A festive mood in South Africa after the United States' 1-1 draw with England.

The stadium scene.
June 13 2010 12:57 PM

We Tied! We Tied!

A festive mood in South Africa after the United States' 1-1 draw with England.

Read Slate's complete coverage of the 2010 FIFA World Cup. Also in Slate, Inigo Thomas reports on the view from London after the United States played England to a draw. 

USA vs England in the World Cup. Click image to expand.
England's Robert Green allows a U.S. goal in Saturday's match

RUSTENBURG, South Africa—A few hours before the United States-England game in Rustenburg on Saturday, a curious détente took place in the bustling, if bizarrely named, P.H. Network Cafe across from the stadium. An English fan, swaddled in red and white, turned to an American fan, swaddled in red and white and blue, and gently communicated his desire for how the game would unfold: "Best of luck. I hope it's a draw." The American desired this result as well, and off they went, all but arm in arm, to see their wishes fulfilled once Robert Green let a Clint Dempsey shot trickle past him near the end of the first half.

Poor Green. It was a hideous gaffe, and he's already being keelhauled back home for what might prove to be a mere sandtrap on the way to the second round. But what the rabid British press—which moves the needle of global opinion on soccer matters—can never seem to grasp in the frenzy before the World Cup is that England, by every measure, is a second-tier team, a rung down from the Brazils of the game. The Three Lions are consistently good and almost never great. Opponents who withstand an early rush can often take advantage of a flagging side that is always wound too tightly. Pointyheads have attributed England's woes to various factors, among them Premier League fatigue, but one look at Frank Lampard's scowling visage in the warm-ups was enough to tell you what kind of pressure the English players are facing.


The English fans, at least the ones on the ground in the dour platinum mining town of Rustenburg, appear to have accepted their team's diminished status. Some predicted a U.S. win. Some thought England wouldn't make it out of the group stage. Most were content just to be watching soccer. The scene outside the stadium felt like Coachella in soccer jerseys. Before the game, Brits and Yanks mingled and danced and sipped suds on the grass. The place was lousy with conviviality. Americans draped in "Don't Tread on Me" Gadsden flags—a symbol of the national soccer team but also a Revolutionary War battle banner—couldn't get a rise out of anyone. There was nary a hooligan to be found, and the closest thing to loutish behavior I witnessed came from a tubby and thoroughly soused man from York wearing a Wehrmacht helmet painted with St George's cross. The man said it was a gift from his grandfather, who, he insisted, had strangled a German with his bare hands to get it. He then roared several unintelligible jokes, guffawed, and stomped away.

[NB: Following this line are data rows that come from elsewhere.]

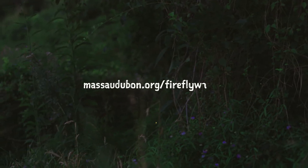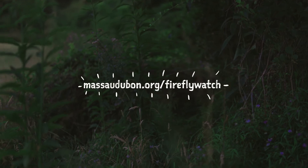Mass Audubon conducts an awesome citizen science project known as Firefly Watch, where anyone in North America can spend 10 minutes a week observing and counting fireflies from their own backyard. If you want to learn more about this program, you can go to massaudubon.org/fireflywatch.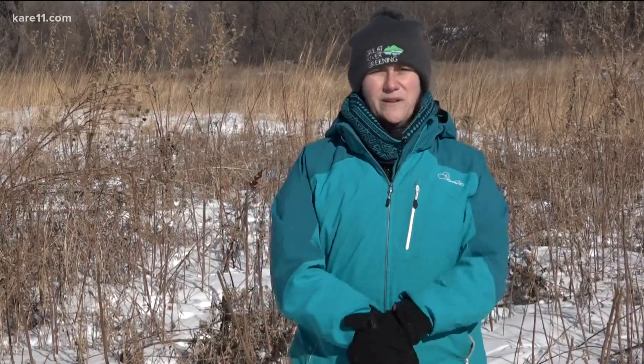You know, we look behind us — it might kind of look like just a bunch of dead grasses, some plants sticking up and out of the ground, but we've got a lot of things going on both on the ground and below the ground.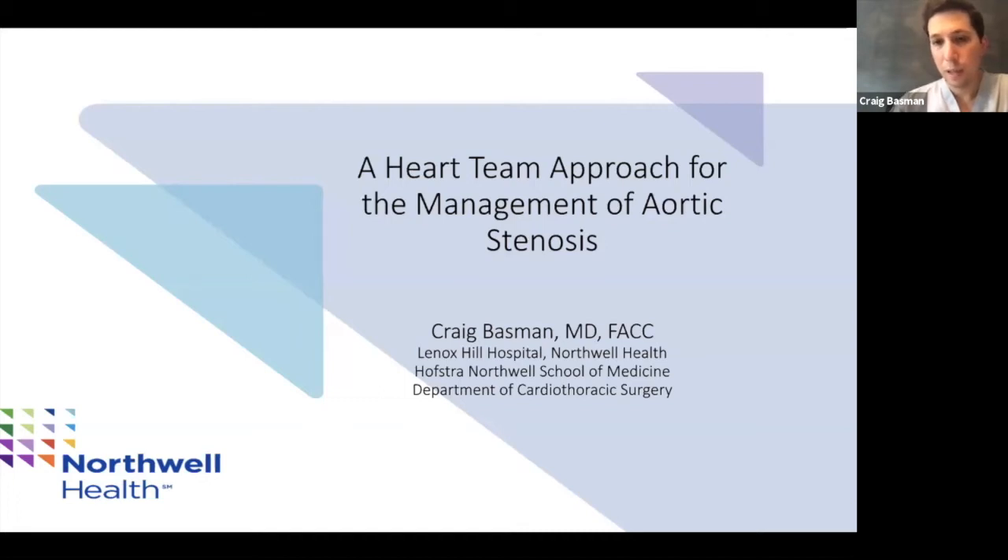My name is Craig Bassman. I am in the Department of Cardiothoracic Surgery at Lenox Hill Hospital. I'm interventional cardiology trained, so my focus is on transcatheter therapies. I've done an extra year after all my fellowships in structural heart, which is basically valvular disease and how we treat valvular disease as minimally invasive as possible.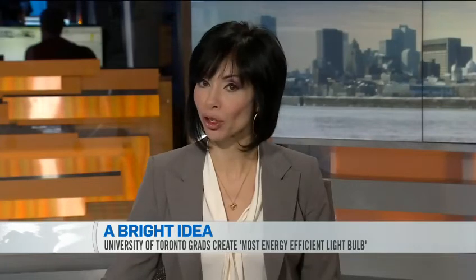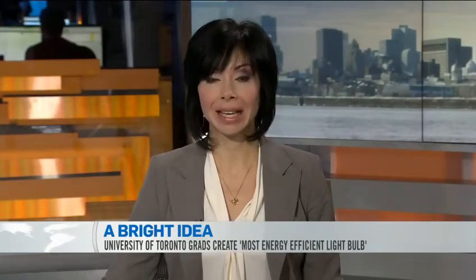A team of University of Toronto grads are lighting up the internet with their new invention. Billed as the most energy-efficient light bulb in the world, the Nanolight produces as much light as a 100-watt bulb using just an eighth of the energy. Joining us from our Los Angeles studios is Jimmy Chiu, one of the inventors and product developer for the Nanolight team.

Compared to the swirling paranoia of Johannesburg, where within minutes of my arrival I was handed a panic button that summons men with automatic weapons to my defense, hanging out with hammered English fans was perfectly relaxing, even after the whispers of an al-Qaida attack on this game. Four years ago in Germany, other fans treated Americans like the kids who'd wandered up to the adult table during dessert. This time, a grudging respect is being extended. As it should be: On Saturday, the Americans got the better of the English both on the field and off. For one, they were just as intoxicated. (I saw a shirtless man dry humping the air in celebration after the game ended.) The Yanks' costumes were more creative. (I spotted a couple wearing complete astronaut suits.) They cheered louder. And there were more of them. Eight thousand Americans had bought tickets to the match, compared to 6,000 English. Most of the 30,000 or so remaining seats in the Royal Bafokeng stadium were filled with South Africans, which may be several thousand more than will fill these seats at any point in the near future.

Rustenburg, unfortunately, is a backwater. My guidebook describes it as a "hymn to misguided town planning" rife with fast food joints and violent crime. A place to avoid. The winding roads to the city are lined with poor people selling firewood, fruit, and tribal tchotchkes. Once the World Cup tourists leave, they aren't coming back. But Rustenburg is also the only sizeable settlement in South Africa with a black township at its heart, according to Tumelo Pooe, one local resident I met who was going to the game. That makes it one of the most integrated cities in a country that remains racially polarized in ways that most people can't imagine. It was an outwardly noble gesture for FIFA and the South African government to stage games here and to pour $48 million into renovating Rustenburg's soccer stadium. But the worried chatter from Tumi and other black residents was that the stadium, like several more built or refurbished for the tournament, will become a "white elephant"—an underused hulk that will never pay for itself. The unanswerable question: What will the cost be after the World Cup is over?

For one night, though, such questions were put aside. The American defense, hobbling back from injury, stifled Wayne Rooney, who recently looked like the guy to give Leo Messi a run as the best player in the world. The English came away with ample material for self-debasement, one of their treasured national pastimes. Both teams remain in a good position to advance. And after the game, the crowd danced off into the night, one of the densest concentrations of people ever to be so delighted with a tie.

Luke O’Brien is a writer in Washington, D.C.